In slow, tight turns, turn your head as far as you can, and look at your target. This will drive the motorcycle right to it, as long as you relax, and let the motorcycle move. At higher speeds, look as far through the turn as you can. This should seem a little uncomfortable, but with persistence, you will be much more efficient through corners, find a better line, and be more comfortable with the principle. Take some time to concentrate on applying this technique, and it will become second nature. Potholes or objects in the road? Look away as you try to avoid them by pressing on the bar in the direction you want to go. It's a miracle, and it keeps your pain level at a minimum.
The mysterious secret of how to gain control of a leaning motorcycle is called countersteering." As the name implies, initiate a turn, he must first steer in the opposite direction as might be presumed. This is needed in order to get the bike to perform the trick of leaning into the curve of the road. This is how a bike is "balanced." Although motorcycle racers are paid millions of dollars a year for their knowledge of countersteering, this same technique is also required for every street rider.
Steering left to turn left will only make the bike lean (tip over) to the right. It is impossible to steer a bike like a car. While riding around a curve, try turning into the turn and see what happens. If you enjoy excitement, you're going to love this experiment, assuming you survive, of course. Although it is possible to slowly follow most curves of the road without consciously countersteering, the ability to turn quickly will give a rider more options to work with and provide a greater margin of safety—he is in total control of his machine. Ignorance of countersteering is the root of all fear of motorcycles, and quite possibly the cause of most single-motorcycle accidents in which the motorcycle fails to negotiate a curve.

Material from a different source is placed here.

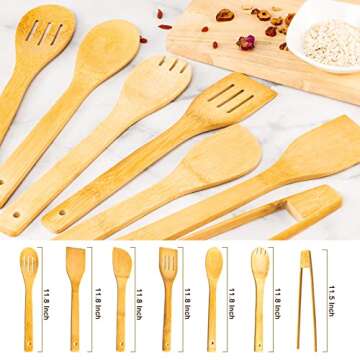 Eisinly 7-Piece Bamboo Cooking Utensils Set - Eco-Friendly & Versatile for Healthy Cooking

Unfortunately for millions of citizens, reverse psychology is at work here: the motorcycle rider must steer towards danger—towards the outside of a curve, or towards a vehicle blocking the road—rather than away from it. Actually, he initially steers towards the obstacle to force the bike to lean, then rapidly steers (leans) away from the hazard. Many times a rider can find himself in the middle of a decreasing radius turn and panics when he sees he is going to go off the roadway. He must conciously be aware of sountersteering so he will know to steer toward the shoulder of the road to force the bike to lean further into the turn and tighten his turning radius to match the tightening curve in the road. Obviously, an uneducated rider is not going to suddenly figure this out during his one second of panic.
The initial countersteering effort, pushing on the right handlebar grip (turning the handlebars left) will utilize centrifugal force to tip the balance of the bike over to the right. As the bike falls over to the right in its controled fall initiated by tyhe countersteering, the rider finds himself leaning to the right and executing his right hand turn. The opposite of this occurs in a left hand turn.
Keith Code, who has trained thousands of motorcycle riders and racers all over the world through his California Superbike School, and author of A Twist of the Wrist and Twist of the Wrist II—the Basics of High-Performance Motorcycle Riding, pioneered the formal teaching of the most effective riding techniques available today. His methods help his motorsports students cut an average of seven seconds off their lap times—that's the difference between last and first place. That cannot be done without proper instruction in vehicle control. Most of his techniques apply equally well to normal highway driving, and especially during emergency maneuvers. Rather than paraphrase, I'll let you "hear" an excellent explanation of countersteering from a coach of world champions. Regarding one of Code's techniques that applies to safe riding on the highway, in 1983 he wrote:
"Steering. . . happens backwards. Many riders have learned to steer a motorcycle without understanding the process. . . .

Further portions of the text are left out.